英语访谈节目:达芬奇名画《救世主》预计拍出1亿美元的高价
Phil Hirschkorn: There are only 16 known paintings by Italian Renaissance Master Leonardo da Vinci, and this is one of them. Painted around the same time and in the same style as his "Mona Lisa," this portrait of Jesus Christ is called "Salvator Mundi," meaning "Savior of the World."
Alan Wintermute: He's holding up some kind of orb or globe that represents the world, and he's blessing you, giving benediction.
Phil Hirschkorn: Alan Wintermute, Christie's senior specialist for "Old Master" paintings, says the work has typical da Vinci flourishes.

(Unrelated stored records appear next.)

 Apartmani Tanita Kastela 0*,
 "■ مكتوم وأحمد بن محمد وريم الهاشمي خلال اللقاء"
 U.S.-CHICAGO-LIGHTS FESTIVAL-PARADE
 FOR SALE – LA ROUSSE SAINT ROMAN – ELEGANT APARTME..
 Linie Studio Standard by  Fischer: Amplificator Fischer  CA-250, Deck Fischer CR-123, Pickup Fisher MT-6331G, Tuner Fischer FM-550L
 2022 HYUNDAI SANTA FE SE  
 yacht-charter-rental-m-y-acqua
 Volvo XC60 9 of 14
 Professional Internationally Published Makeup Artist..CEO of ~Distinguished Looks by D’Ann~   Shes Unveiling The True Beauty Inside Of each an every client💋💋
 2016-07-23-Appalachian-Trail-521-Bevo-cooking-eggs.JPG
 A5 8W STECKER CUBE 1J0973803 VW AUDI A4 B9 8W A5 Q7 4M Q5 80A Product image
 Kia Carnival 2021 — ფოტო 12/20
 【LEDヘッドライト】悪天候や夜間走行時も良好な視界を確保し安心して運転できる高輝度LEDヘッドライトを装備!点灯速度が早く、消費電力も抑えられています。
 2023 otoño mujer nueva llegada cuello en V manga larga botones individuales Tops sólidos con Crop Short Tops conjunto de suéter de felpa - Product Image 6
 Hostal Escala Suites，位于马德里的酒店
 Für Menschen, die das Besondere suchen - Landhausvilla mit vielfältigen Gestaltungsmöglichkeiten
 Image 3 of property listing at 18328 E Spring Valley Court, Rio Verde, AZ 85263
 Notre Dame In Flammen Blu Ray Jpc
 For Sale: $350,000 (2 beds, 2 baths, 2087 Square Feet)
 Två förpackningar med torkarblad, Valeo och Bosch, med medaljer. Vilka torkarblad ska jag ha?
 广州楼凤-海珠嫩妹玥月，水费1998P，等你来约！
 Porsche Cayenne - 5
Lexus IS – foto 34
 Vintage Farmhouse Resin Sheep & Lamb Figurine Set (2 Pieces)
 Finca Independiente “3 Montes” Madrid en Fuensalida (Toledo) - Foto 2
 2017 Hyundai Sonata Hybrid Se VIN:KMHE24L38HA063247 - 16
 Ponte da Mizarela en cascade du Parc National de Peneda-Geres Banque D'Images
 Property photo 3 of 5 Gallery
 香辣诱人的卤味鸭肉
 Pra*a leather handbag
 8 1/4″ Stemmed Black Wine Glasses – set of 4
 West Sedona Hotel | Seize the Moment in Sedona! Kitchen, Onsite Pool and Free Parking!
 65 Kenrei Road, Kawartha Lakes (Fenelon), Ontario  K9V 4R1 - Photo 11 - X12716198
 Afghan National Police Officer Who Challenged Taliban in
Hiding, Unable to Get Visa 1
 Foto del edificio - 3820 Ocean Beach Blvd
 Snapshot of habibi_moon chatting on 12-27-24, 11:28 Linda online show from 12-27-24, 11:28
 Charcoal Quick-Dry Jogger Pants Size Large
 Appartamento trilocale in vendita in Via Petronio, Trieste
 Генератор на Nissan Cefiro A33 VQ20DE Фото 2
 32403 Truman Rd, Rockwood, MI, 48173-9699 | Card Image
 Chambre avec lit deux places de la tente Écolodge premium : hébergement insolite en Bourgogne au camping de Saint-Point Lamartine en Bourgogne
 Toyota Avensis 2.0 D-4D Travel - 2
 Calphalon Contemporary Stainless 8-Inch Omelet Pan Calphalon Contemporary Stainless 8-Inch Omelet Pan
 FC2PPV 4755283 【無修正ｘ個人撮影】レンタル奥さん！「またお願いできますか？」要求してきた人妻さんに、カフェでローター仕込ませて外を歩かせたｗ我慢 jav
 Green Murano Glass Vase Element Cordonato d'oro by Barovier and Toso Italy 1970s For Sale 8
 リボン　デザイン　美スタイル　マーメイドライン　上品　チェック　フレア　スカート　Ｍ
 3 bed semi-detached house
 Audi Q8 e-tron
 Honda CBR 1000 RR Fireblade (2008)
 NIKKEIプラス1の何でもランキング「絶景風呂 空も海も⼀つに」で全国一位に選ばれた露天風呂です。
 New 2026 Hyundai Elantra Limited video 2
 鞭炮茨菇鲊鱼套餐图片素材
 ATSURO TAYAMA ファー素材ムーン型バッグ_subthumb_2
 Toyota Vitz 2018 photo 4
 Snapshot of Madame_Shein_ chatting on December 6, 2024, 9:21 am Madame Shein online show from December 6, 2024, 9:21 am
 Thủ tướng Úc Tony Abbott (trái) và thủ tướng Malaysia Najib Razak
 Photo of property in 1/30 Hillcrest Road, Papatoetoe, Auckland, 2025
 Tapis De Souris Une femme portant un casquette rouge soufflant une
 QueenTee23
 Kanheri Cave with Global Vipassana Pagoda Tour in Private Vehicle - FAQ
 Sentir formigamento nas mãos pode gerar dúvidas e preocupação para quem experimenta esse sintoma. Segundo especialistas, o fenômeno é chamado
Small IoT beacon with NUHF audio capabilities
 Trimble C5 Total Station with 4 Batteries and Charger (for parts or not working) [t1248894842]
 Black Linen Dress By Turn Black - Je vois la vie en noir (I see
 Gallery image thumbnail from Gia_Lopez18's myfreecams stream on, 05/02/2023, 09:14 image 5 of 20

Alan Wintermute: It has that smoky, shadowy lighting effects that create -- in the "Mona Lisa," the famous Mona Lisa smile -- they create an ambiguous very soft shadowy quality. He looks very directly at you, and you have the sense him looking sort of right into you
Phil Hirschkorn: Independent consultants say this is a true da Vinci. They dated paint pigments and the walnut panel back to the 1500's and took x-rays to study the brush work. Also characteristic of da Vinci, lapis lazuli, a semi-precious stone used for the blue color. In a stroke of clever marketing, Christie's is offering the da Vinci in the same auction as this massive reimagination of his famous "Last Supper," 60 silk-screened panels by Andy Warhol.
Alan Wintermute: We felt that it did sort of indicate this universal genius of Leonardo, which affects really every generation and every century and every country, all the way up through the present.
Phil Hirschkorn: But nothing compares to the real thing. "Salvator Mundi" is the first da Vinci painting ever to be sold at public auction.